The 2022 World Seniors Darts Masters (known for sponsorship reasons as the 2022 JENNINGSbet World Seniors Darts Masters) was the first World Seniors Darts Masters organised by the World Seniors Darts Tour and was held at the Lakeside Country Club in Frimley Green between 27–29 May 2022.

The event was open to players over the age of 50, and was a joint venture between MODUS Sports and Jason Francis, which organised Snooker Legends and World Seniors Championship of Snooker in 2017–18.

David Cameron became the inaugural champion after defeating Phil Taylor 6–3 in the final. Cameron's victory was even more remarkable, as he had to win a qualifier to enter this event, and if he had won his first match at the 2022 WDF World Darts Championship (incidentally held at the same venue), he wouldn't have been able to take part in the qualifier.

==Format==
As with the World Masters tournaments previously organised by the British Darts Organisation, the Masters used the set format, but with each set being a best of three legs (or first to two legs). The preliminary and first rounds, as well as the quarter-finals was the best of 7 sets, the semi-finals was the best of 9 sets, and the final was the best of 11 sets.

==Prize money==
The prize fund of £31,000 was announced in January, but that was before the tournament expanded to 20 players.
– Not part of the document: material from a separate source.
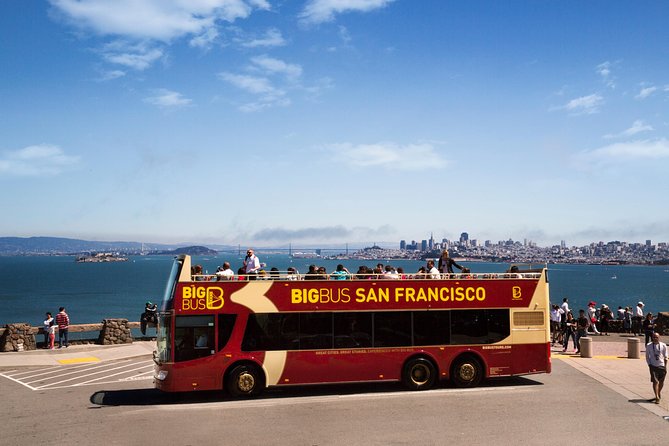 Big Bus SF: Hop-on Hop-off Tour with 17 Stops and Sunset Option - Golden Gate Bridge: the best time to plan your photos and your coat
| Position (no. of players) |  | Prize money (Total: £31,000) |
|---|---|---|
| Winner | (1) | £10,000 |
| Runner-up | (1) | £5,000 |
| Semi-finalists | (2) | £2,500 |
| Quarter-finalists | (4) | £1,250 |
| First round | (8) | £750 |
| Preliminary round | (4) | £0 |

==Qualifiers==
On 11 January 2022, the first 6 players of the 16-player 2-day tournament were announced, which were Phil Taylor, Martin Adams, Bob Anderson, John Lowe, John Part and Les Wallace.

On 13 February, the numbers of entrants was increased to 20, and an extra day was added to tournament, with two players qualifying via qualifiers at Reading on 9–10 April, along with the highest non-qualified player on the World Series Tour Order of Merit, with the final player being decided by a fans vote on the WSDT's social media channels.

Invited players

Starting in First round
- ENG Martin Adams (quarter-finals)
- ENG Bob Anderson (first round)
- ENG Lisa Ashton (first round)
- ENG Keith Deller (quarter-finals)
- ENG Trina Gulliver (first round)
- ENG Deta Hedman (first round)
- ENG John Lowe (first round)
- ENG Colin Monk (quarter-finals)
- ENG Tony O'Shea (semi-finals)
- ENG Phil Taylor (runner-up)
- SCO Robert Thornton (first round)
- SCO Les Wallace (quarter-finals)
- IRE Colin McGarry

Starting in Preliminary round
- ENG Terry Jenkins (Preliminary round)
- ENG Kevin Painter (Preliminary round)
- CAN John Part (first round)
- NED Roland Scholten (Preliminary round)

Qualifiers

Starting in Preliminary round
- CAN David Cameron (champion)
- ENG Wayne Jones (first round)

Highest Non-Qualifier On WSDT Order of Merit

Starting in Preliminary round
- ENG Richie Howson (semi-finals)

Fans' Vote Winner

Starting in Preliminary round
- SGP Paul Lim (Preliminary round)

==Draw==
The draw for the tournament was announced on 3 March 2022.

==Broadcasting rights==
BT Sport aired the tournament in the United Kingdom, and Sport1 broadcast it in Germany.